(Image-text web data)
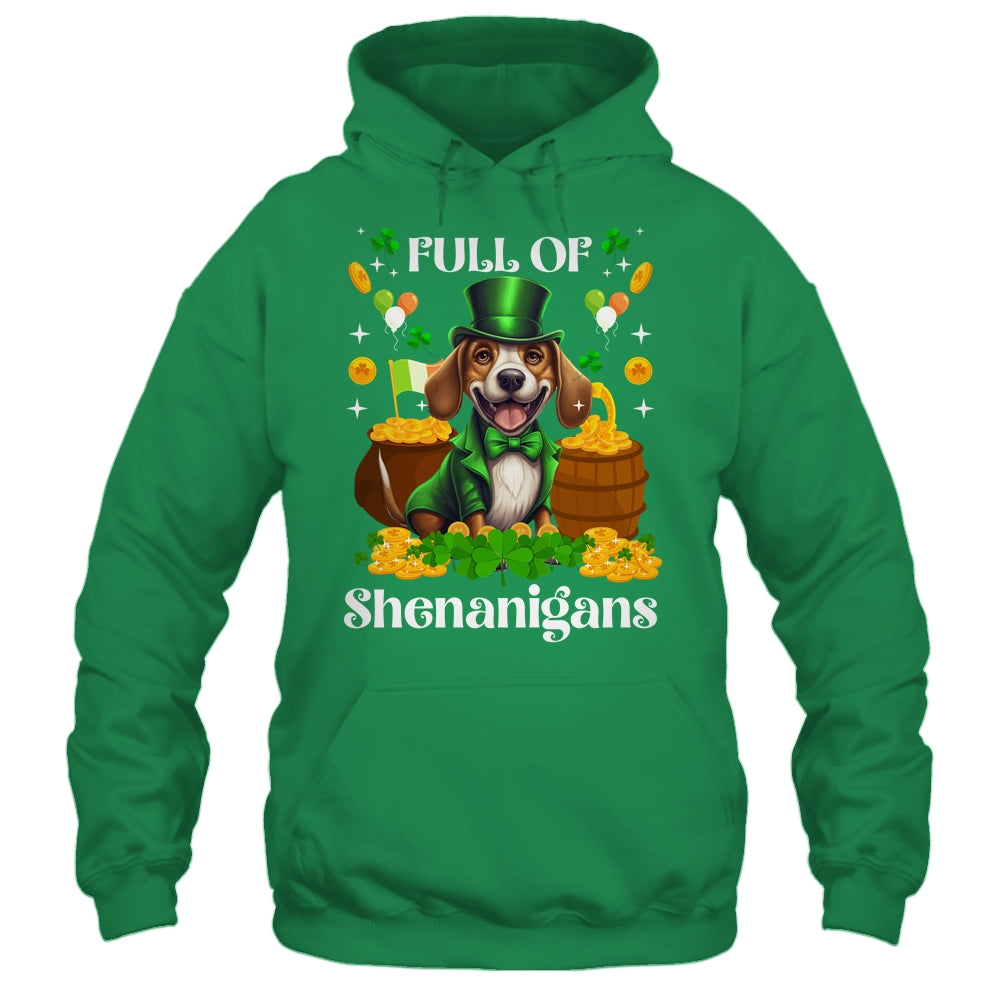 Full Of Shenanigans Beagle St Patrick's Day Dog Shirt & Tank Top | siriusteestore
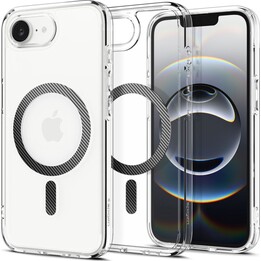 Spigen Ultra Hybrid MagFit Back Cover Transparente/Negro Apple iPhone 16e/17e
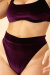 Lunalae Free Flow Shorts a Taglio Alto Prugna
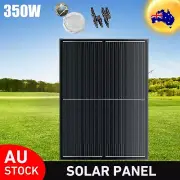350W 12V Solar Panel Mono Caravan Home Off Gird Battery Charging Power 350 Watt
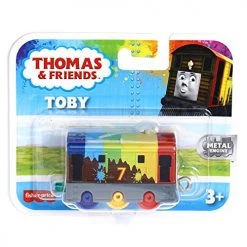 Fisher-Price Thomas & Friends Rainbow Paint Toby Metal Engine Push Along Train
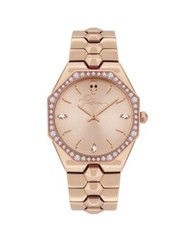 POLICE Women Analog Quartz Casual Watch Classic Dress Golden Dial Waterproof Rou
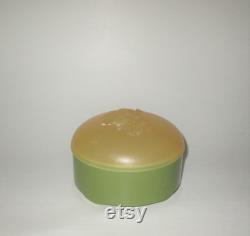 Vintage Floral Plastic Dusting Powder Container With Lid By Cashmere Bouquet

> Task item:
Give again, unchanged, only the lines from the line containing "Lunalae Free Flow" to the last line of the records above. Pictures do not belong in the copy.

> Result below:
 Lunalae Free Flow Shorts a Taglio Alto Prugna
350W 12V Solar Panel Mono Caravan Home Off Gird Battery Charging Power 350 Watt
 Fisher-Price Thomas & Friends Rainbow Paint Toby Metal Engine Push Along Train
 POLICE Women Analog Quartz Casual Watch Classic Dress Golden Dial Waterproof Rou
 Vintage Floral Plastic Dusting Powder Container With Lid By Cashmere Bouquet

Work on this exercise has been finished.